C’est à l’unanimité que le comité de programmation de la neuvième édition du festival Cinezic de Vernoux-en-Vivarais a sélectionné le film « Blue Giant » cette année, pour la qualité de sa bande originale (BO). Nous ne démentirons pas le choix de l’association à Jazz-Rhone-Alpes.com ! En effet, ce film d’animation japonais relate l’histoire d’un jeune saxophoniste passionné de jazz qui souhaite vivre de sa passion. Une chronique du film a été réalisé à sa sortie par notre collègue Christian Ferreboeuf sans nos colonnes (voir ici).

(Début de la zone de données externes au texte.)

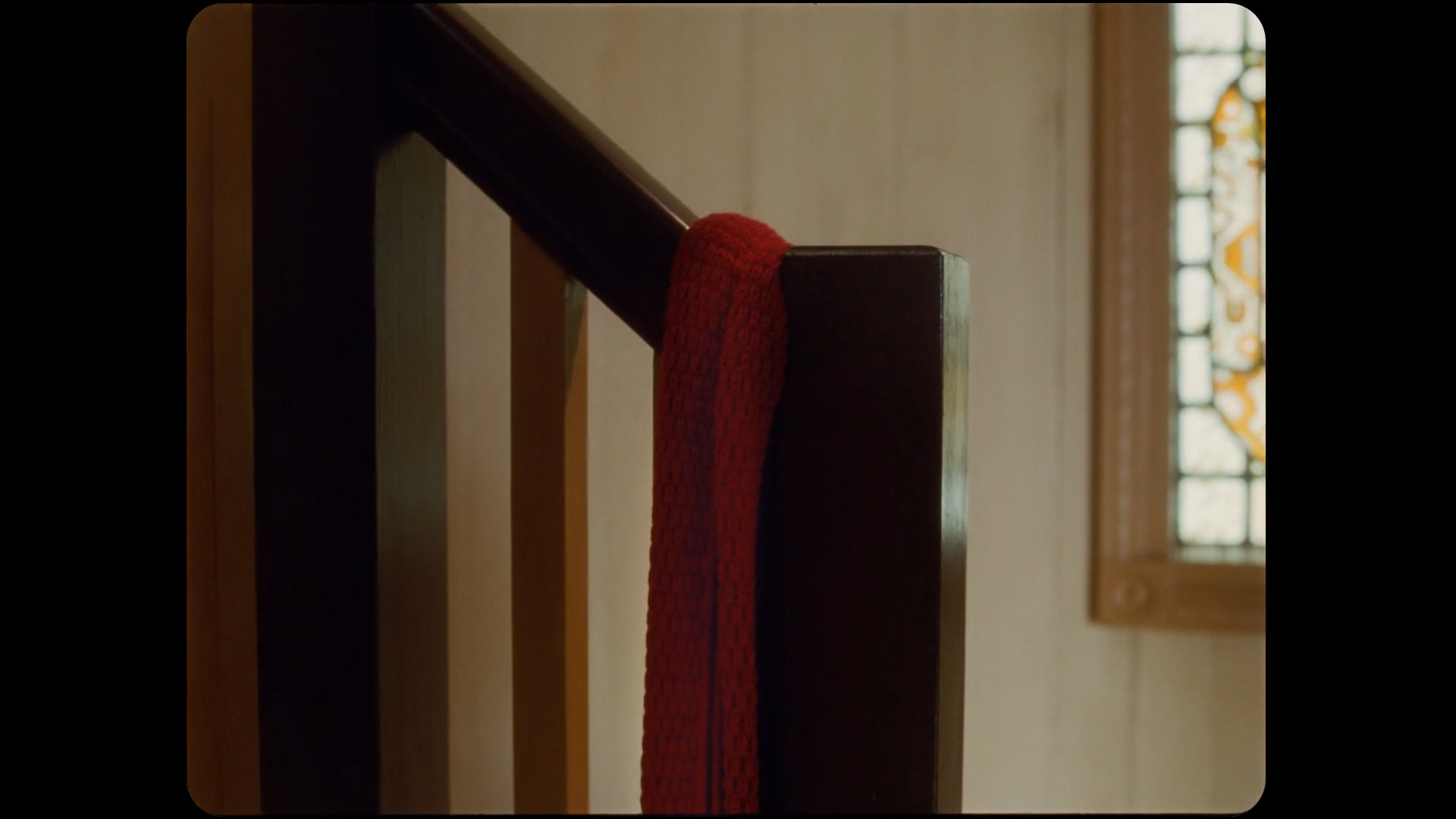 The red, "All Too Well" scarf is left over a banister of a staircase.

Pour cette projection le festival Cinezic a proposé à votre serviteur de présenter le film. Cette sympathie et cette confiance vient des chroniques réalisées il y a trois ans à l’occasion de la venue de Franck Cassenti pour la projection de son film Changer le monde, consacré au festival Jazz à Porquerolles dont il était le fondateur et le Président, ainsi qu’une Master class. Les chroniques ne sont malheureusement plus disponibles en ligne sur notre site. Le festival m’avait déjà sollicité pour présenter l’an dernier la version restaurée du film de Bertrand Tavernier, Autour de minuit, pour laquelle je n’avais pas été disponible. Moins à l’aise avec les films d’animation japonais, j’ai préparé cette présentation avec Philippe Christin, un ami d’enfance avec qui je partage la passion du jazz et qui a était chef de produits pour HK vidéo et programmateur du festival nouvelles images Japon au forum des images de Paris. C’est avec Jean-Pierre Trescol, Président de Cinezic, que j’ai eu le plaisir de présenter Blue Giant.

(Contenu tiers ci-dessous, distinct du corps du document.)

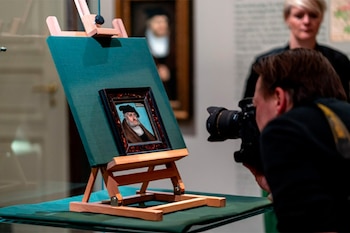 Primer plano de una pintura de Federico el Sabio sobre un caballete, siendo fotografiada por una persona, con otra persona de pie al fondo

Bleu Giant est un film d’animation japonais de Yuzuru Tachikawa d’une durée de 2h00, sorti en salle le 6 mars 2024. Il est basé et adapté sur des séries de Manga du même nom de Shinichi Ishizuka. Dai Miyamoto, saxophoniste passionné de jazz souhaite vivre de sa passion. Il rencontre un pianiste et avec un troisième ami fonde un trio. Ce film, sous la forme d’un drame, présente les espoirs et les déconvenues de l’ascension des jeunes jazzmen. Il peut être rattaché au genre des films dit de Coming-of-age story, qui définissent les récits initiatiques. Il offre donc une bande originale (BO) impressionnante pour les amateurs de jazz. La BO a été confiée à Hiromi Uehara, une pianiste et compositrice japonaise pour vingt-cinq thèmes et à Sawabe Yukinori pour quatre thèmes, pianiste japonais qui interprète la BO avec Tomoaki Baba au saxophone et Shun Ishiwaka à la batterie. La musique est très présente dans le film qui fait une place importante aux scènes de concert et de répétition. On peut noter que la pianiste et compositrice Hiromi Uehara, a une renommée internationale dans le monde du jazz, et la protégé du regretté Ahmad Jamal. Elle a été programmée cet été dans de nombreux grands festivals européens et notamment en France à Jazz à Vienne et Jazz In Marciac.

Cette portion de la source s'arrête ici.